Today, Playbill put out an article entitled Local Production of Inherit the Wind Canceled Due to Religious Objections.  The Mankato Free Press wrote about it here, three days earlier.  And it got me thinking.

Freedom can be bittersweet in its beauty.

A rural Minnesotan town of 13,000, founded by conservative Lutherans 160 years ago and home to both a conservative Lutheran college (as well as a Roman Catholic Diocese), putting pressure on residents to quit a play that goes against the conservative Lutheran religious agenda…doesn’t really shock me. Or bother me, really. In fact, it kinda’ makes me fall in love with my country.

It is the reality of First Amendment Rights. There was nothing illegal or immoral – even the former director said he quit because he got sick of being asked “Are you seriously gonna’ do that play?” In fact, the ACLU tried to stick their nose into it and the former director told them to piss off.

It’s the definition of civil discourse. Nobody got threatened. Nobody engaged in corruption or extortion. It was really nothing more than a play that got cancelled because it was unpopular and people didn’t want to see it. That happens all the time.
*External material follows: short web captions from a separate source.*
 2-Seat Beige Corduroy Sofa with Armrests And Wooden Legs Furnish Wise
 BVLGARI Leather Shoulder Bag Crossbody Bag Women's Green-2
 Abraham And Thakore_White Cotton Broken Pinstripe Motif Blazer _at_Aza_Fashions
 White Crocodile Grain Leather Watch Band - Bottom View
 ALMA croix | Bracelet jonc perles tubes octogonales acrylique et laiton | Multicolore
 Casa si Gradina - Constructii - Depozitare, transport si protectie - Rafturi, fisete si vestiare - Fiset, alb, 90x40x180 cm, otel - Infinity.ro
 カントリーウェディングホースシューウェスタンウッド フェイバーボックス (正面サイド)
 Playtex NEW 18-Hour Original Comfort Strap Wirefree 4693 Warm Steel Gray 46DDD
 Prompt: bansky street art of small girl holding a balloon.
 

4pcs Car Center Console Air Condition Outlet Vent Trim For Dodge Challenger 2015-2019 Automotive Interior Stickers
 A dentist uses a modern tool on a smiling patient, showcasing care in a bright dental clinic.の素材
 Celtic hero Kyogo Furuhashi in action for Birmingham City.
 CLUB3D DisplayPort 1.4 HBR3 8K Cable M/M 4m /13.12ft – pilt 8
If a stage play with some anti-gay elements was set to show in San Francisco, I can see a similar situation occurring…but possibly not so civil…and probably reported by more outfits than just Playbill and a local newspaper. The fact that that hasn’t happened really makes me think, “No one is dumb enough to try to put on a homophobic play in San Francisco.” But the converse of that is, “Putting on a play that goes against a fundamental Christian teaching in a small town that is basically owned by conservative Lutheranism is kinda’ dumb.”

America is an amazing place founded in freedom. Occurrences like these are actually Wins for that ideology. No unconstitutional legislation or behavior – just The Power of The People, freely stating what they want – and getting it. The very definition of Constitutionality. The bittersweet beauty of freedom.